When to use log scales
log scales seem to have caused a lot of debate recently. When should we use them?
I think there are two reasons:
- Your data is exponentially distributed.
- You want to transform your data to make certain regions easier to see.
Exponentially distributed data
The first is a bit of a tautology. For independent variables (usually the x-axis) it’s easy. Perhaps you have collected data at points 1, 2, 4, 8, 16 etc. Makes sense to plot this on log2 scale (0, 1, 2, 3, 4). Collected at 0.1, 1, 10, 100 etc? Plot on log10 (-1, 1, 2, 3). An example is minimum inhibitory concentrations (MIC) which are directly measured in log increases, or parameter searches which are often over large ranges.
But what about dependent variables? Anything that’s a geometric progression (multiplied by a constant factor at each step) will be exponential, and probably needs to be logged to see its range properly.
An examples might be cases in an epidemic (multiplied, roughly, by R each time interval).
Often when you do this you’ll see a nice linear relationship emerge, which is easier to analyse (visually and analytically).
In the top row, the dependent (x) variable has been collected in logs, and should be plotted as such so the linear relationship is clear. This also spaces out points on the x-axis better. Similarly in the bottom plot, the growth rate of an independent variable which rises along an exponential curve is better seen when logged. This also spaces points out on the y-axis better. It is usually clearer to write values on the scales as their untransformed values.

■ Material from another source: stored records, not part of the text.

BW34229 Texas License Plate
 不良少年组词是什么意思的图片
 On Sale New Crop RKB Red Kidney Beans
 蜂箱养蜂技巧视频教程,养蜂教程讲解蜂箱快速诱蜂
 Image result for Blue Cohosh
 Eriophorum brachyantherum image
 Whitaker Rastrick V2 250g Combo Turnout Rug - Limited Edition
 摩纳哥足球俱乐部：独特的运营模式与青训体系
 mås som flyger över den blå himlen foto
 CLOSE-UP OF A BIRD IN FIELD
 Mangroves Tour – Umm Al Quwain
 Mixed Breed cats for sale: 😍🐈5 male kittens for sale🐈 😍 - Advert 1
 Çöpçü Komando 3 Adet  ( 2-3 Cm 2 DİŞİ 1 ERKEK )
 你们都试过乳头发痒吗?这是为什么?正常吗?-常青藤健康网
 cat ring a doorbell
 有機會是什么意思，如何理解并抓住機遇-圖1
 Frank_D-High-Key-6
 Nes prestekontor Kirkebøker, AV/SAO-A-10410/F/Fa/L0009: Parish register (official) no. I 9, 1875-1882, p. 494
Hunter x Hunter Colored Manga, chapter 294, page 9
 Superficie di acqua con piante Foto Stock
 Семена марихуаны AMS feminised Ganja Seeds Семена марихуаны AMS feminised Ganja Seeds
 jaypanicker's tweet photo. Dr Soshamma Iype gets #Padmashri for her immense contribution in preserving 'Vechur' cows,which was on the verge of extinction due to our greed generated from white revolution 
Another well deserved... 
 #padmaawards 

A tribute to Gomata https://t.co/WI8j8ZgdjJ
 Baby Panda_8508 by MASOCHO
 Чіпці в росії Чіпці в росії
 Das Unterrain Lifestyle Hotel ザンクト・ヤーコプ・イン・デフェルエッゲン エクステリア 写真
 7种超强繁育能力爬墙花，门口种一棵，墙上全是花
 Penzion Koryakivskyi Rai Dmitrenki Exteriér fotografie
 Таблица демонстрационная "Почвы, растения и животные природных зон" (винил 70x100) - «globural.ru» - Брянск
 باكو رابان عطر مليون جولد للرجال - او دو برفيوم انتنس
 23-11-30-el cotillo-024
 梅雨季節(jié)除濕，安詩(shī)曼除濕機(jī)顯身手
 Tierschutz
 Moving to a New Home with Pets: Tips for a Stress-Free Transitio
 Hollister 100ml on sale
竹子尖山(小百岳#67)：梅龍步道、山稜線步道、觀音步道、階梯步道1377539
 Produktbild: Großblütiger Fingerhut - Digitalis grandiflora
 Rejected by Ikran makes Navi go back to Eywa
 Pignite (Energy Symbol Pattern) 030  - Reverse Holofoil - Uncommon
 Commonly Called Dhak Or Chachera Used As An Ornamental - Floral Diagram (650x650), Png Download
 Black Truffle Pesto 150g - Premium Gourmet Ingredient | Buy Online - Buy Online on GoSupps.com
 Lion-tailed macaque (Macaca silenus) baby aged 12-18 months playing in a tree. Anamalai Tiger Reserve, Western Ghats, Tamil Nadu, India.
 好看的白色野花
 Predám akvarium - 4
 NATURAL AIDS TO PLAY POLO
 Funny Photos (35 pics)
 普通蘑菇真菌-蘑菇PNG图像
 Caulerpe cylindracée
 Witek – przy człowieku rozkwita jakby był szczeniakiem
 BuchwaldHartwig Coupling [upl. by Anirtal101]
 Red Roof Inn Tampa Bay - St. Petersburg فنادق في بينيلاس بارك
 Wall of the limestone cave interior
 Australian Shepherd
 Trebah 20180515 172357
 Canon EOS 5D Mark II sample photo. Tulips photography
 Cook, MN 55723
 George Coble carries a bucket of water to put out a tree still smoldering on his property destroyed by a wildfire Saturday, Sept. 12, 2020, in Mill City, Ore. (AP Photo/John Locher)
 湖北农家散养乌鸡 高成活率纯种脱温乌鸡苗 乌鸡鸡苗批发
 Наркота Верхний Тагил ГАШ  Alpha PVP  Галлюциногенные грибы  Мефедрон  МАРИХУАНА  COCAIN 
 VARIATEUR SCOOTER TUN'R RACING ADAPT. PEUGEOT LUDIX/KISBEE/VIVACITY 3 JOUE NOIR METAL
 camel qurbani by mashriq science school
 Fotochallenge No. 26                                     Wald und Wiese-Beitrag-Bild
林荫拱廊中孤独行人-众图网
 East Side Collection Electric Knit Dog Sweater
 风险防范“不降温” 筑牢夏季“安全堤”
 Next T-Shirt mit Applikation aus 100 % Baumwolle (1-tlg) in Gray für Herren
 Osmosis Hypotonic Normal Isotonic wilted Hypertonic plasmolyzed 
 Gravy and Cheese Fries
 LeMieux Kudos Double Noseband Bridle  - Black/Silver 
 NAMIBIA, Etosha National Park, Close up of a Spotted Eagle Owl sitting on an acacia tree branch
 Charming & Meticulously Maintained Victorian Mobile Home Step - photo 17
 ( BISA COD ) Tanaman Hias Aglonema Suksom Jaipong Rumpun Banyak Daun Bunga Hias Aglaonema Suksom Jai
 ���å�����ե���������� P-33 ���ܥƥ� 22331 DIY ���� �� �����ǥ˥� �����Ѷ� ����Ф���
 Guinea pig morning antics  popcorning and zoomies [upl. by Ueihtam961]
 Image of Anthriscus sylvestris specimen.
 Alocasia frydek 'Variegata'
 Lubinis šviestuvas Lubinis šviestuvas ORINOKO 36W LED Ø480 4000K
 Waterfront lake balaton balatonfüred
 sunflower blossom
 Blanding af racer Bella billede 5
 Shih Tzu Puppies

Transforming for visualisations
Another reason you may want to log a scale is more purely for visualisation purposes – nothing mechanistically to do with the variables being plotted or how they were collected.
Broadly, logging a variable expands the range of the smaller values and shrinks the range of the larger values.
Very useful when looking across a large range or your values are bunched up at the lower range!.
Really this has nothing directly to do with logs/exponentials, it’s just a nice function whose shape has this useful property. In fact, you are often free to use any transformation you want. If you want one that shrinks/grows less than log(x), use sqrt(x). If you want one that does it even more than log(x), use 1/x.
In this case we take a transform of the x variable to display the data more clearly so it fills the plot evenly, and uses the space as best as possible. Each transform spreads/squeezes data more. In this case the data is actually logged so this leads to perfect spacing.
More intuition
To get a sense of what logging looks like, try using log graph paper.
Also very handy: in base 10 a linear change of 0.3 is a log change of 0.5 as log10(3) = 0.5. So if you had a progression 10, 30, 100, 300 etc, these are about equally spaced on a log scale.
log-log scales
log-log scales can be used to analyse power laws, or when both variables are exponentially distributed, or need to be spread out better.